#### [WHAT YOU WILL DO]
Write out, word for word, every line in the data below from the one containing "ميتسوبيشي باجيرو GLS" to the one containing "BRD in Krems.", both of them included.

(Short descriptive text snippets)
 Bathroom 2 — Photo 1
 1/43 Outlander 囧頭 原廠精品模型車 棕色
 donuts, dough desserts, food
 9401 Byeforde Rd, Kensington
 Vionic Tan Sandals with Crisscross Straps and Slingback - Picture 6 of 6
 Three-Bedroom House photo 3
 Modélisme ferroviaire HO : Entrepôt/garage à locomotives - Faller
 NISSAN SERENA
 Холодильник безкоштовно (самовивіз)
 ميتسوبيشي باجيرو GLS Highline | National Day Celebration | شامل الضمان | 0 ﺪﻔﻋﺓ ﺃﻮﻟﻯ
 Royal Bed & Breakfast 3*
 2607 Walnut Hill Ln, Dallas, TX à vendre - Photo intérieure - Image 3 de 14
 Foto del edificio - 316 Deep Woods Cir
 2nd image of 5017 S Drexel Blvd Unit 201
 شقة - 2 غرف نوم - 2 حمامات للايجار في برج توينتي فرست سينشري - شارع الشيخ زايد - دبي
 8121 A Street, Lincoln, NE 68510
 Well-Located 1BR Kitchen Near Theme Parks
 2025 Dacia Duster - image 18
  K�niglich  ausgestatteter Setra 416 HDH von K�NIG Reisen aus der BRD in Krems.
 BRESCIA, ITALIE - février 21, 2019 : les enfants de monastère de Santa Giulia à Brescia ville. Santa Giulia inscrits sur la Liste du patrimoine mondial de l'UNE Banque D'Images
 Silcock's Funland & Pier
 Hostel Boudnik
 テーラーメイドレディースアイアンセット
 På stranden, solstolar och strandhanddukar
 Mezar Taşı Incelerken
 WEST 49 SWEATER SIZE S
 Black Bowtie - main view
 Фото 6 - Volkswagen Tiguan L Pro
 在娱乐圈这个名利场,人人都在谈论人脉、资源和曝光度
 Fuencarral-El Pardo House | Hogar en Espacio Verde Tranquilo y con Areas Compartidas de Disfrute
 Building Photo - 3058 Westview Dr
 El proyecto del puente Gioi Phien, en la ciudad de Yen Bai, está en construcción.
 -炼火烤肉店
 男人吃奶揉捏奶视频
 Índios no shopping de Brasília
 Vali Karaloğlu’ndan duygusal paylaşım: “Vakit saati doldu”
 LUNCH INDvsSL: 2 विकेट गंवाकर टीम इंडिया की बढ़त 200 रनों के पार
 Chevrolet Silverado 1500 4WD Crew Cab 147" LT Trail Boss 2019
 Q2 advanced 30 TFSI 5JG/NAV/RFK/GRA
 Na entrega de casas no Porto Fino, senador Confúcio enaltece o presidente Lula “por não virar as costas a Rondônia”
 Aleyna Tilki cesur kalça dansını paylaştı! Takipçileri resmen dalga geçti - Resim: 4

#### [EXERCISE ANSWER]
 ميتسوبيشي باجيرو GLS Highline | National Day Celebration | شامل الضمان | 0 ﺪﻔﻋﺓ ﺃﻮﻟﻯ
 Royal Bed & Breakfast 3*
 2607 Walnut Hill Ln, Dallas, TX à vendre - Photo intérieure - Image 3 de 14
 Foto del edificio - 316 Deep Woods Cir
 2nd image of 5017 S Drexel Blvd Unit 201
 شقة - 2 غرف نوم - 2 حمامات للايجار في برج توينتي فرست سينشري - شارع الشيخ زايد - دبي
 8121 A Street, Lincoln, NE 68510
 Well-Located 1BR Kitchen Near Theme Parks
 2025 Dacia Duster - image 18
  K�niglich  ausgestatteter Setra 416 HDH von K�NIG Reisen aus der BRD in Krems.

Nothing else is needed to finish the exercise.